### Aim of the exercise
In the records below, find the line containing "Spider Gift |", then copy that line and all lines after it, exactly, omitting every picture.
Source material Start Marker
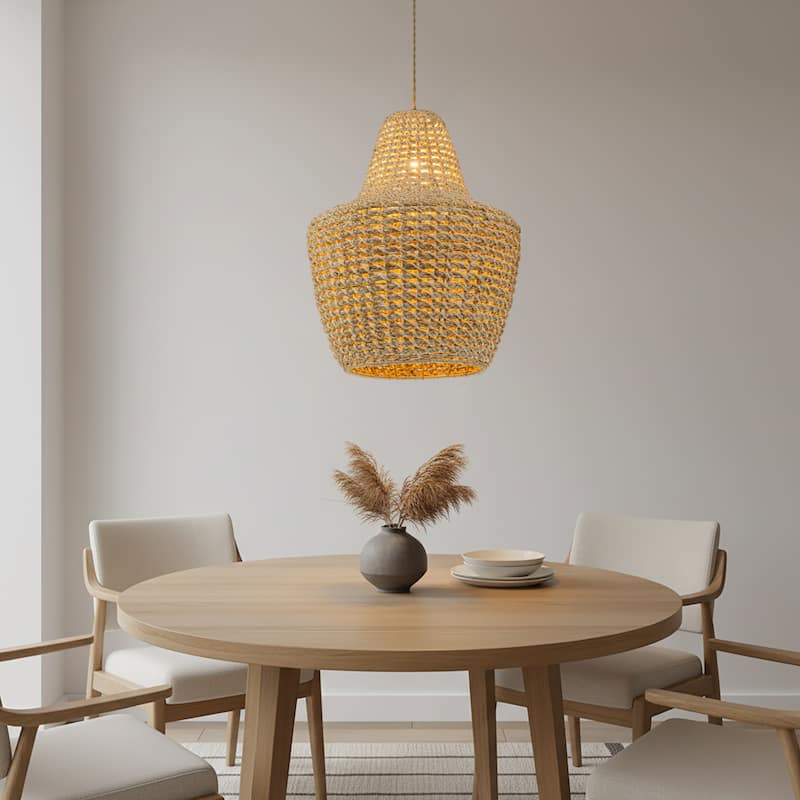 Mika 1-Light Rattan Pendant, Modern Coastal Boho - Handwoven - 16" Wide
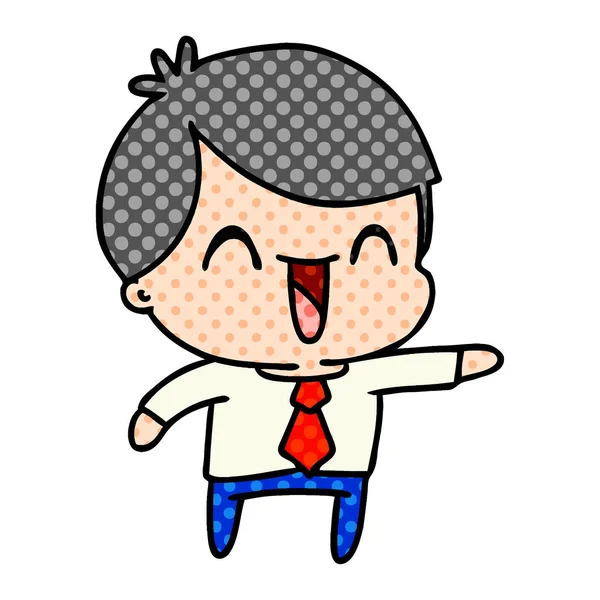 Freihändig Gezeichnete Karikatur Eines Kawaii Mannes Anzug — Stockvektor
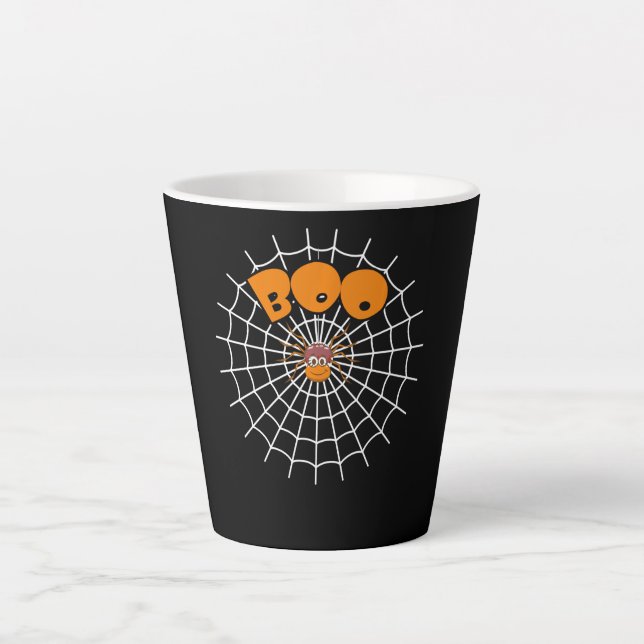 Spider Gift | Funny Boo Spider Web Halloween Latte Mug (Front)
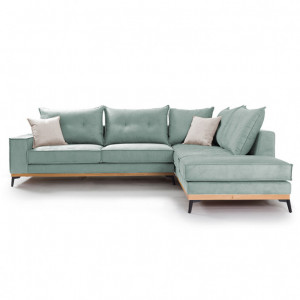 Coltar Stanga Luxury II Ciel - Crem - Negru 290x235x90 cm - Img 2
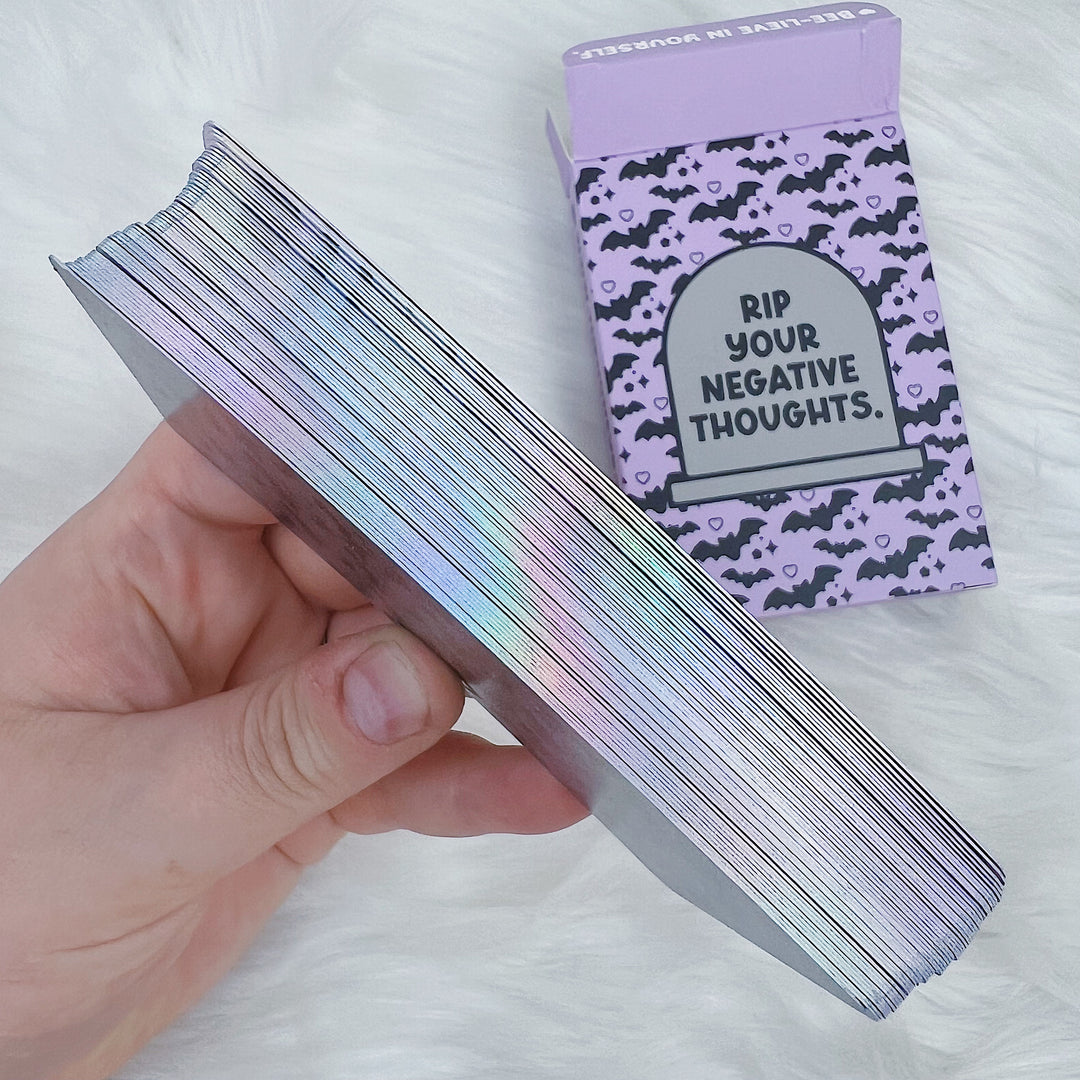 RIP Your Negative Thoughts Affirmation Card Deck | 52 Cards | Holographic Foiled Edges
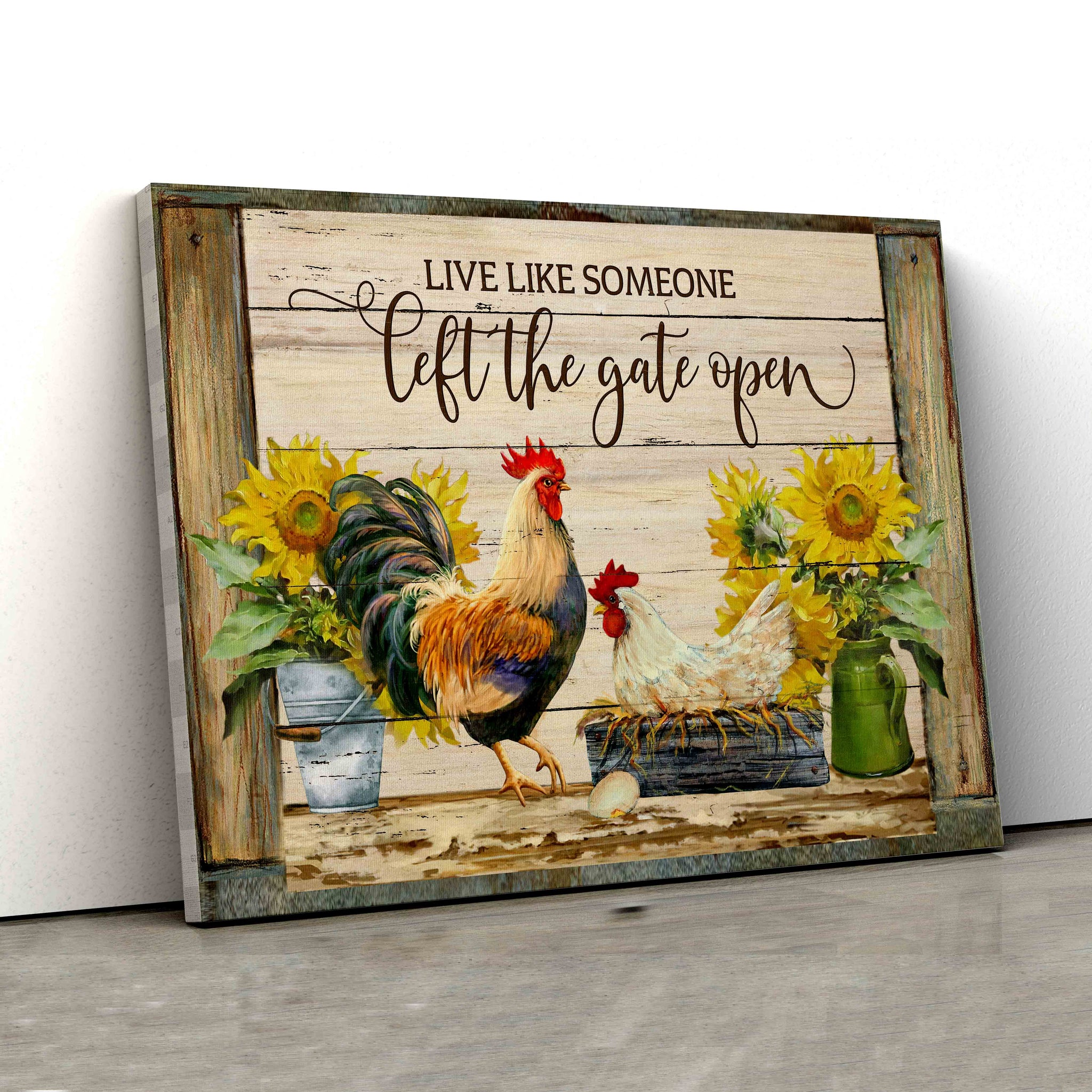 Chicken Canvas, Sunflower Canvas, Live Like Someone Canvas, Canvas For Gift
Source material End Marker
### Answer for this exercise
 Spider Gift | Funny Boo Spider Web Halloween Latte Mug (Front)
 Coltar Stanga Luxury II Ciel - Crem - Negru 290x235x90 cm - Img 2
 RIP Your Negative Thoughts Affirmation Card Deck | 52 Cards | Holographic Foiled Edges
 Chicken Canvas, Sunflower Canvas, Live Like Someone Canvas, Canvas For Gift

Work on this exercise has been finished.